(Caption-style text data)
::::::::::

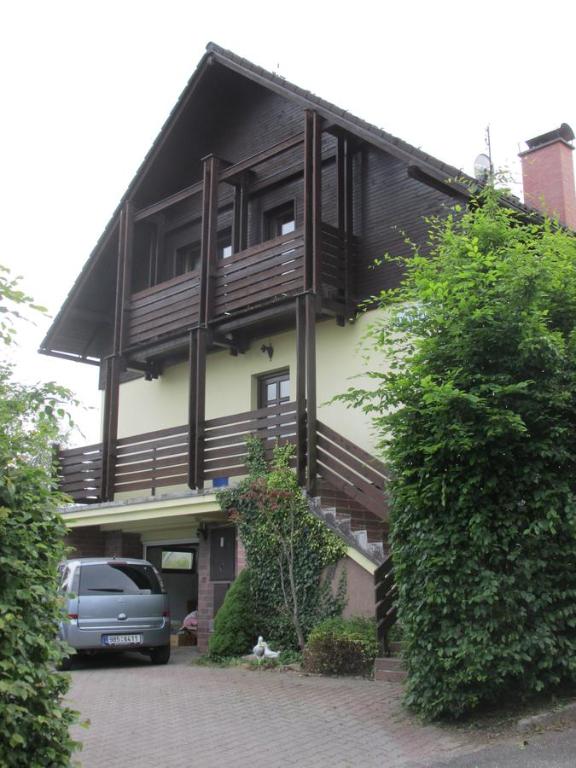 a house with a car parked in front of it at Dum Eva in Janske Lazne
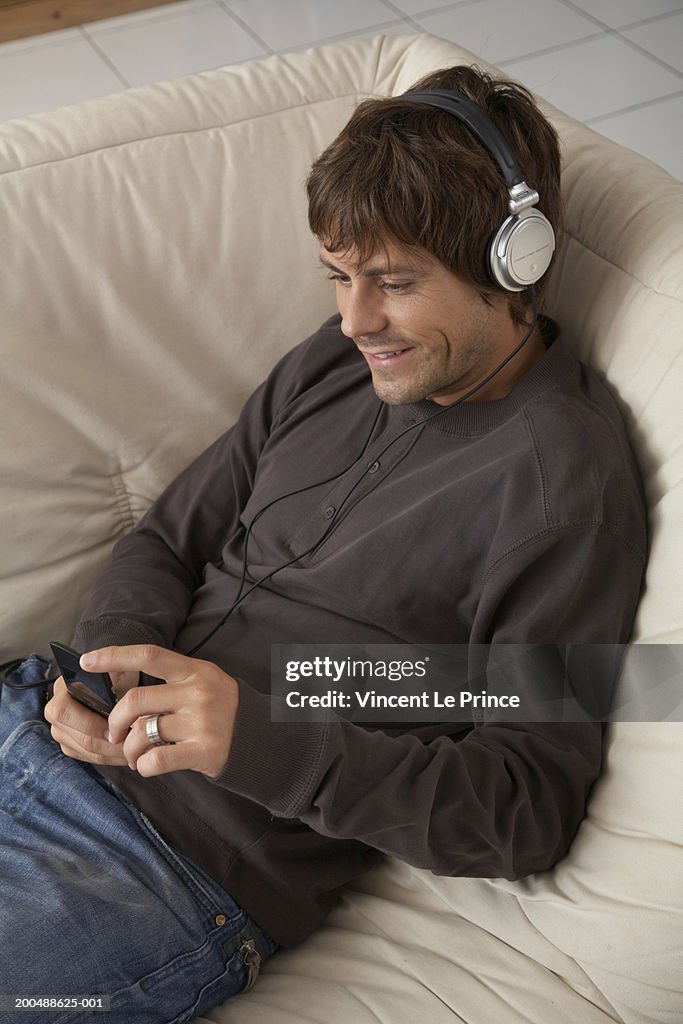 Young man on sofa listening to headphones, elevated view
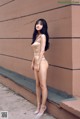 A woman in a nude bodysuit leaning against a wall.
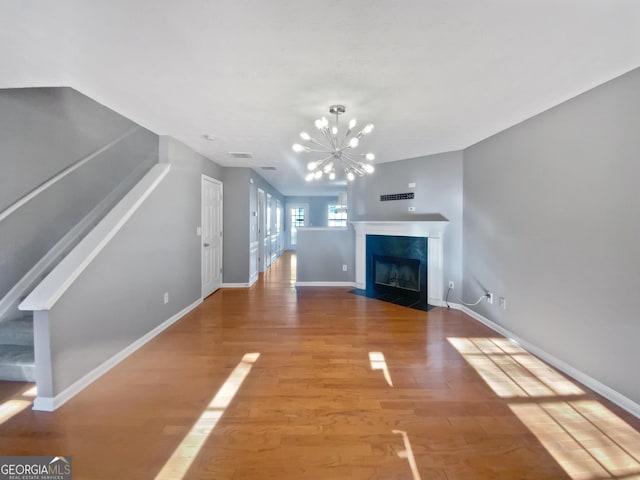 unfurnished living room with a chandelier and wood-type flooring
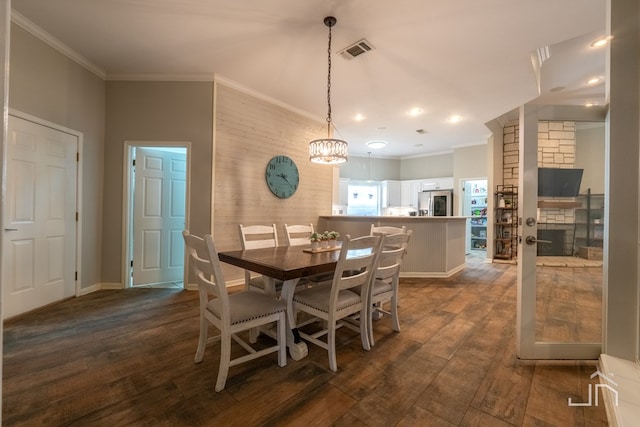 dining area with crown molding and dark wood-type flooring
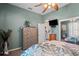 Bedroom with a patterned bedspread, neutral carpet, and an open doorway to another room at 5100 Cedarbrook, Hernando Beach, FL 34607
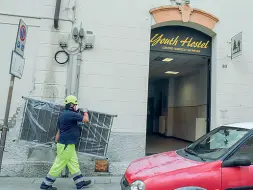  ??  ?? Al lavoro Gli operatori della Protezione civile portano i letti all’ex Ostello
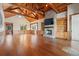 Spacious living room featuring wood floors, a brick fireplace, and ample natural light at 3567 Marion Ln., Murrells Inlet, SC 29576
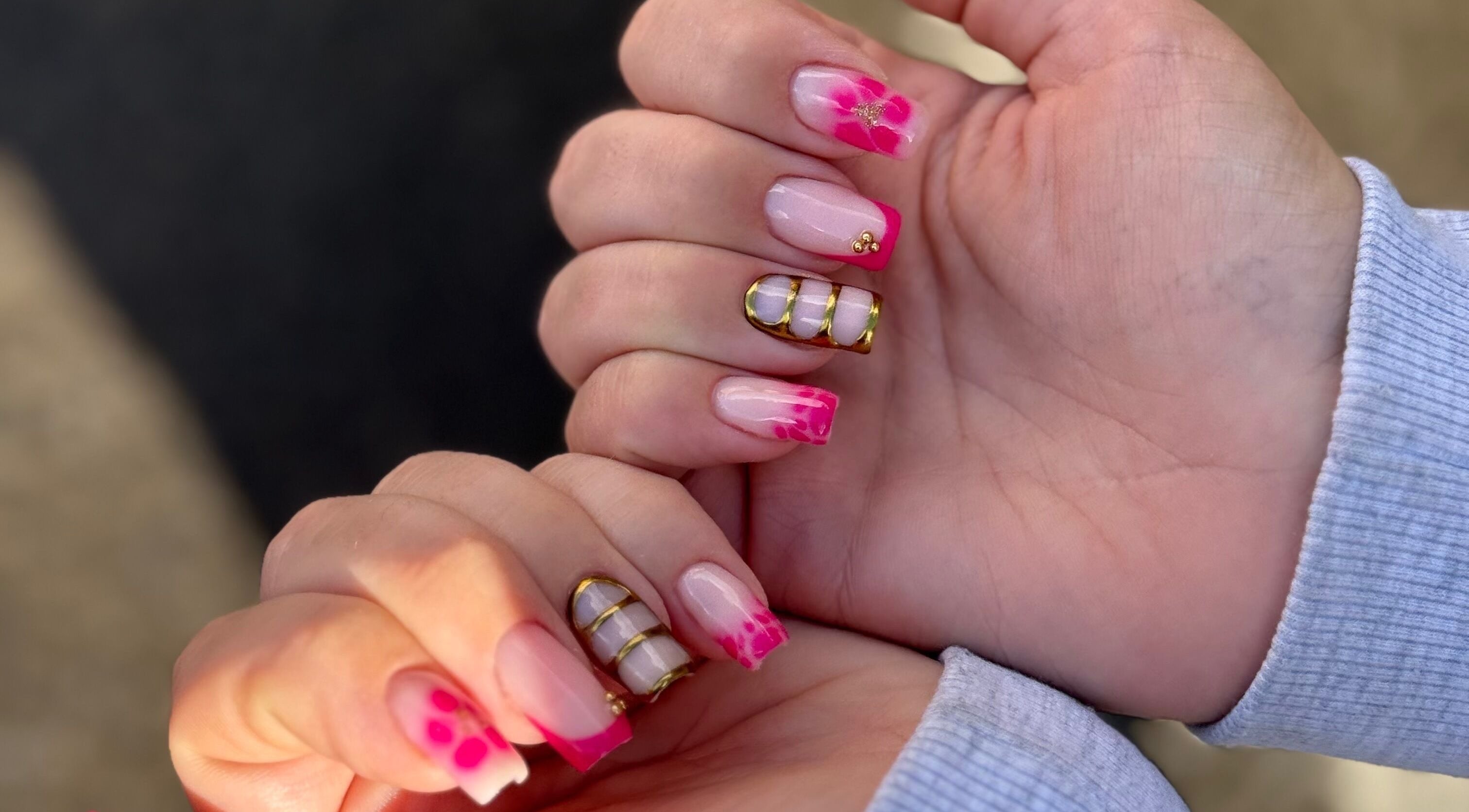 Stylish pink floral nails by Manicured By Amelia in Cannock, England, GB.
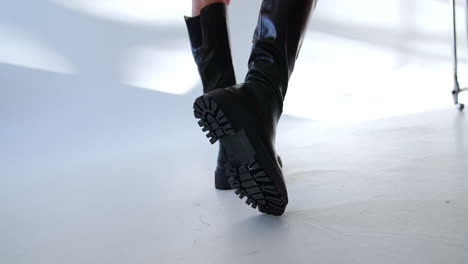 woman wearing black thigh high chunky boots
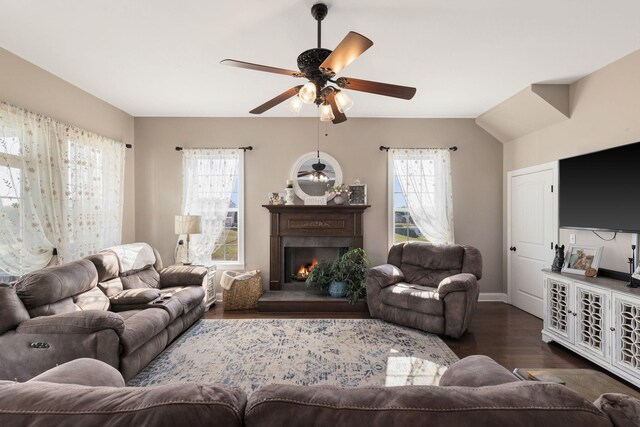 4584 S Mill Ln, Cross Plains, TN 37049 - living area with plenty of natural light, a ceiling fan, dark wood-style flooring, and a warm lit fireplace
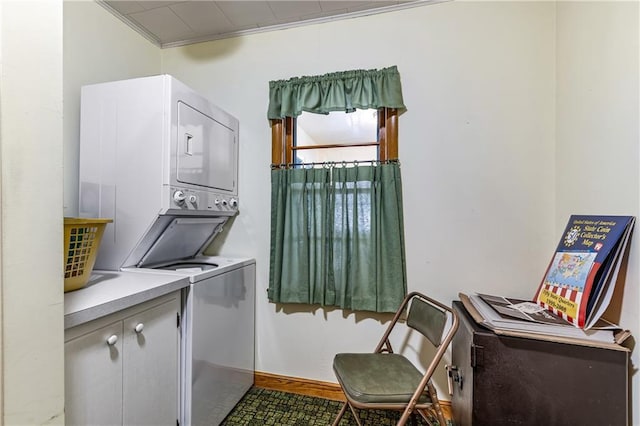 laundry area featuring stacked washer and dryer, ornamental molding, and cabinets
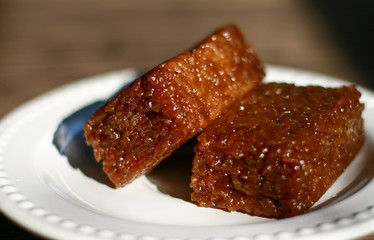 Wajik on wood background.  Wajik is traditional snack made with steamed glutinous (sticky) rice and further cooked in palm sugar, coconut milk, and pandan leaves.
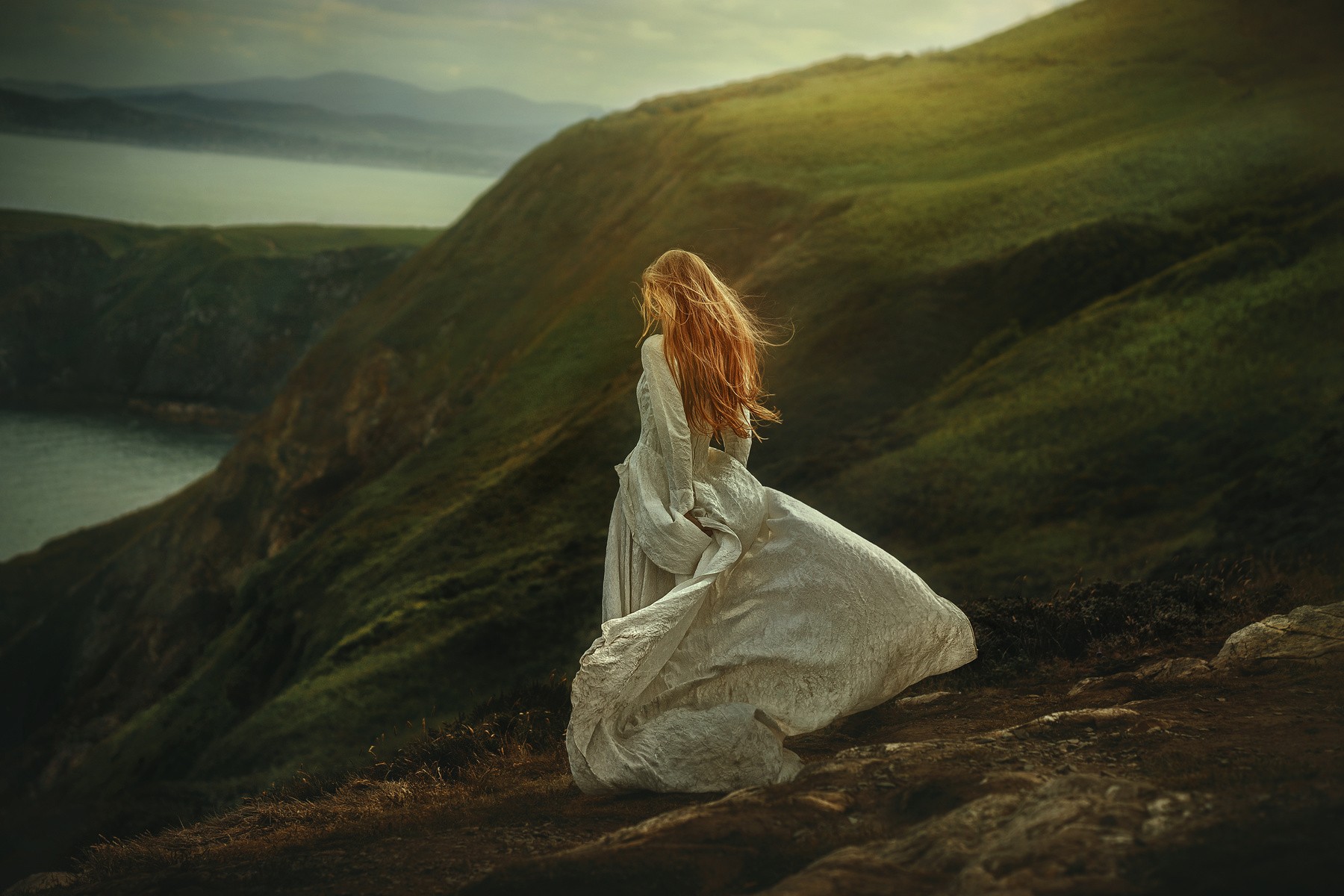 Woman in white dress on a cliff overlooking the sea HD Wallpaper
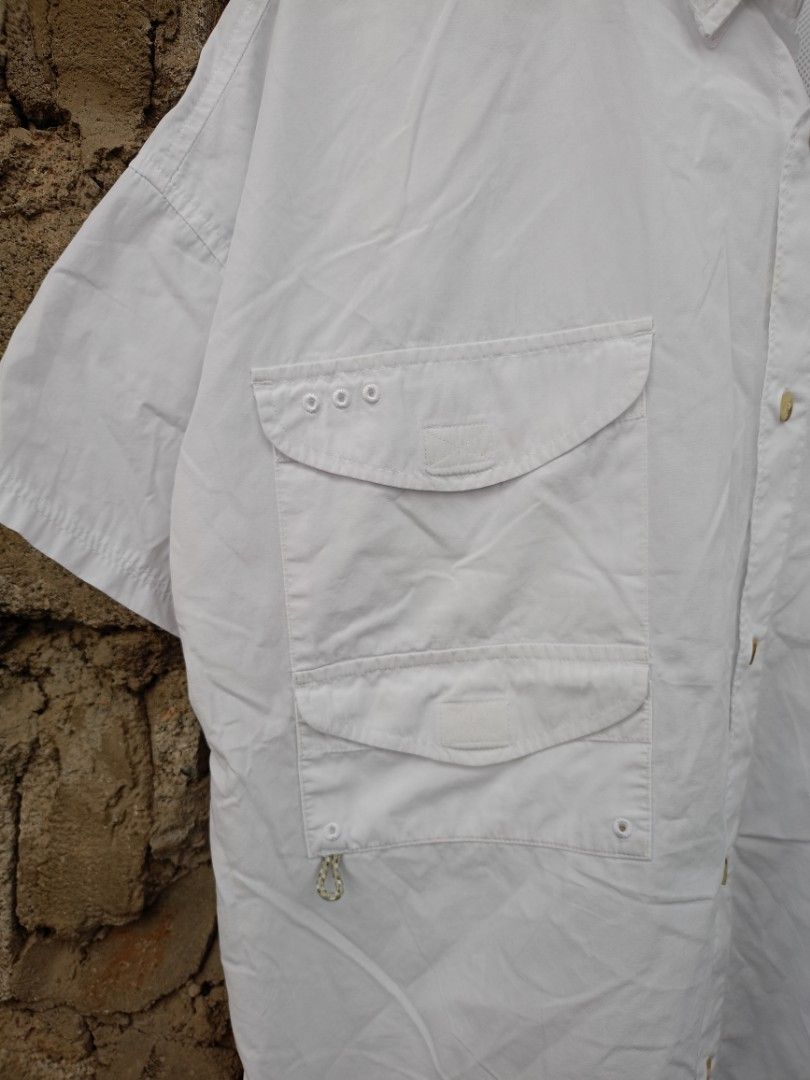 Cólúmbiá White Polo Shirt" (Category: Tshirts & Polo Shirts ) located in Manila. Submitted by robco (Listing ID 1466564721, Image 3). Description: Cólúmbiá White Polo Shirt" Length in Front - 30.5 Width - 23.5 Size - L-XL Color rate - 9.5/10 Excellent Condition Issue - Needwash, altered & yellow stains MINE - 150 #ukayukay #ukayukayphilippines #bidding #Columbiapoloshirt.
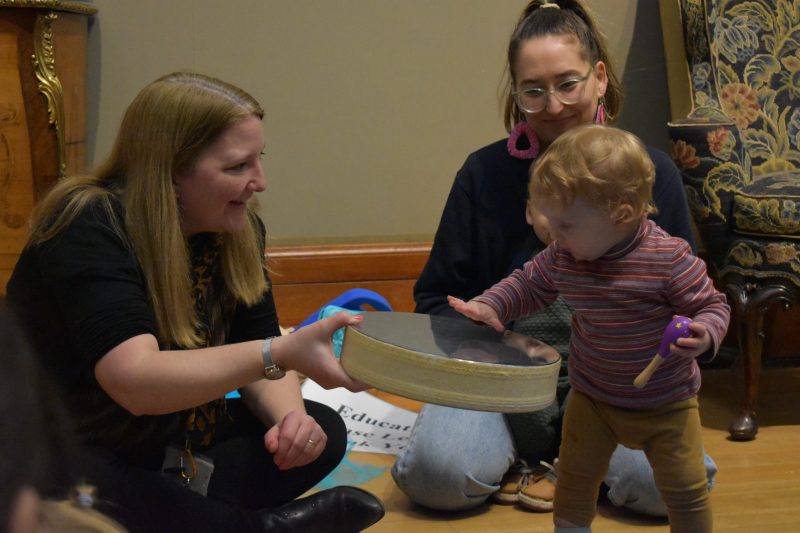 Two women are seated on the floor of a gallery. One woman holds out a tambour to a toddler who is standing touching this.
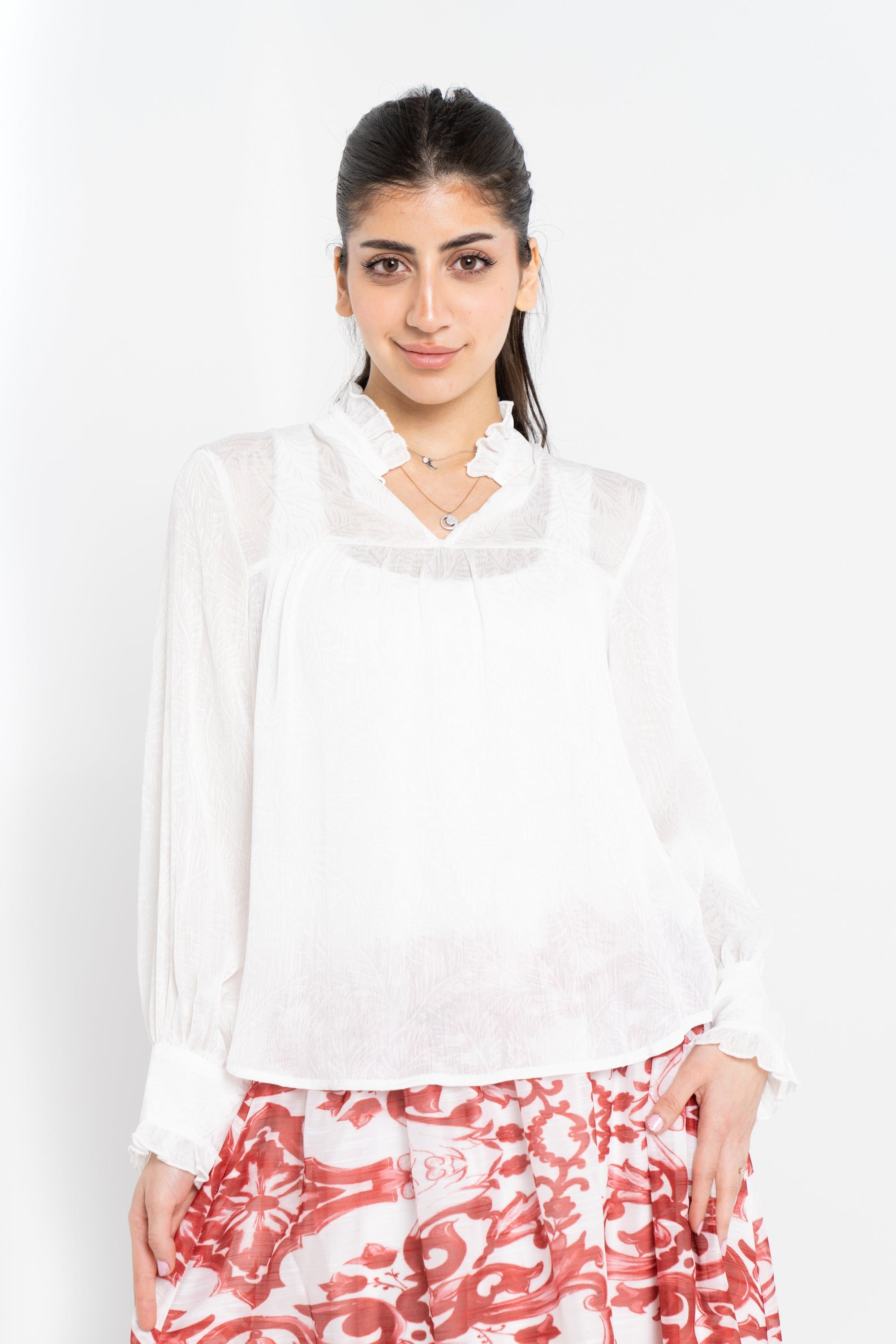 نتشي بلوزة سادة كم طويل بف نسائي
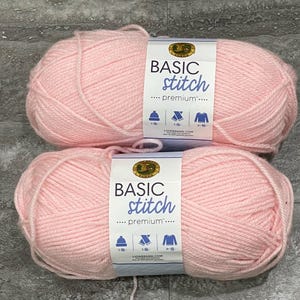 May include: Two balls of light pink Basic Stitch Premium yarn. Each ball has a label with the brand name and icons for knitting projects. The yarn is soft and fluffy, perfect for various knitting and crochet projects.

::::::::::

◆ **EXERCISE INSTRUCTIONS**
Which part of the entries opens with the line containing "Stylish pink floral" and closes with the line containing "laundry area featuring"? Output that part exactly, ends included, pictures excluded.

◆ **RESULT**
 Stylish pink floral nails by Manicured By Amelia in Cannock, England, GB.
 woman wearing black thigh high chunky boots
 4584 S Mill Ln, Cross Plains, TN 37049 - living area with plenty of natural light, a ceiling fan, dark wood-style flooring, and a warm lit fireplace
 laundry area featuring stacked washer and dryer, ornamental molding, and cabinets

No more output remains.